■ **The data**:
=====
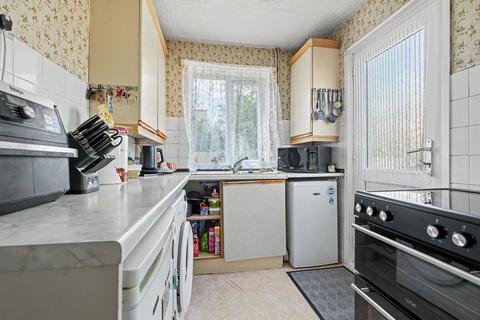 3 bedroom semi-detached house for sale, Goldlay Gardens, Chelmsford CM2
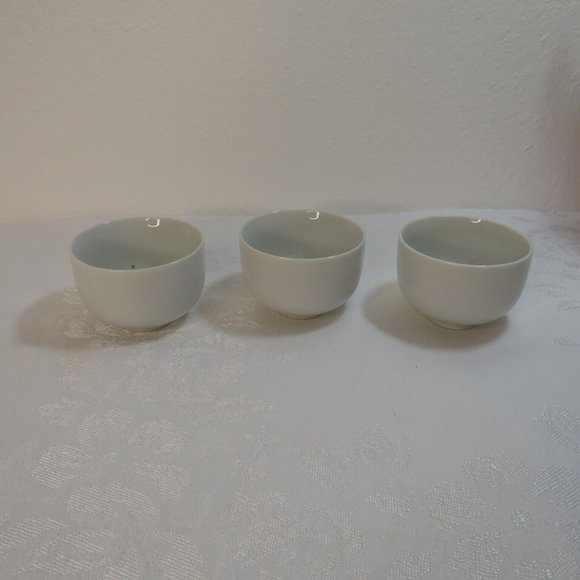 Lot of 3 Vintage Chinese Porcelain White Tea Cups - Picture 2 of 8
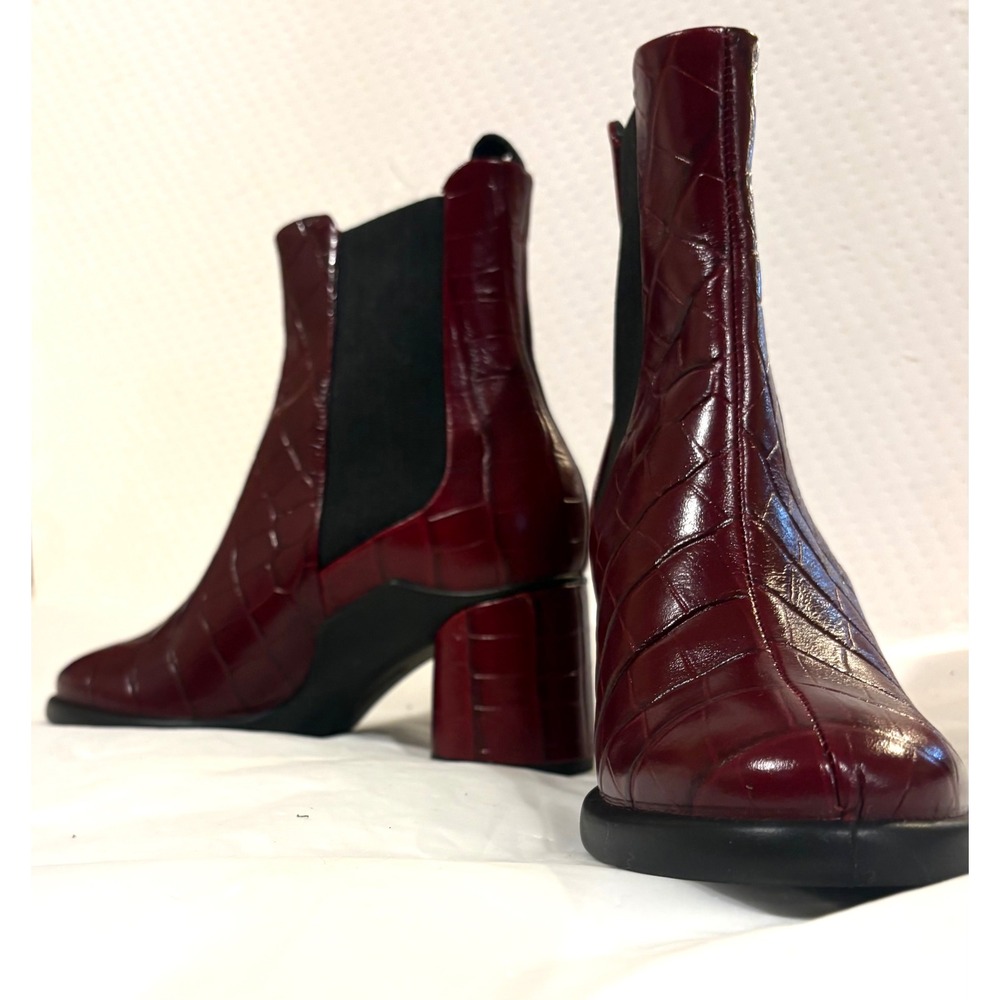 Ecco Shape 35 Block Red Croc Embossed Leather Ankle Chelsea Boots 222703 01065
=====
■ **Brief**:
Please print exactly the lines from the one holding "Lot of 3 Vintage" through the final line of the data above, including both, and skip all pictures.

■ **Reply to the task**:
 Lot of 3 Vintage Chinese Porcelain White Tea Cups - Picture 2 of 8
 Ecco Shape 35 Block Red Croc Embossed Leather Ankle Chelsea Boots 222703 01065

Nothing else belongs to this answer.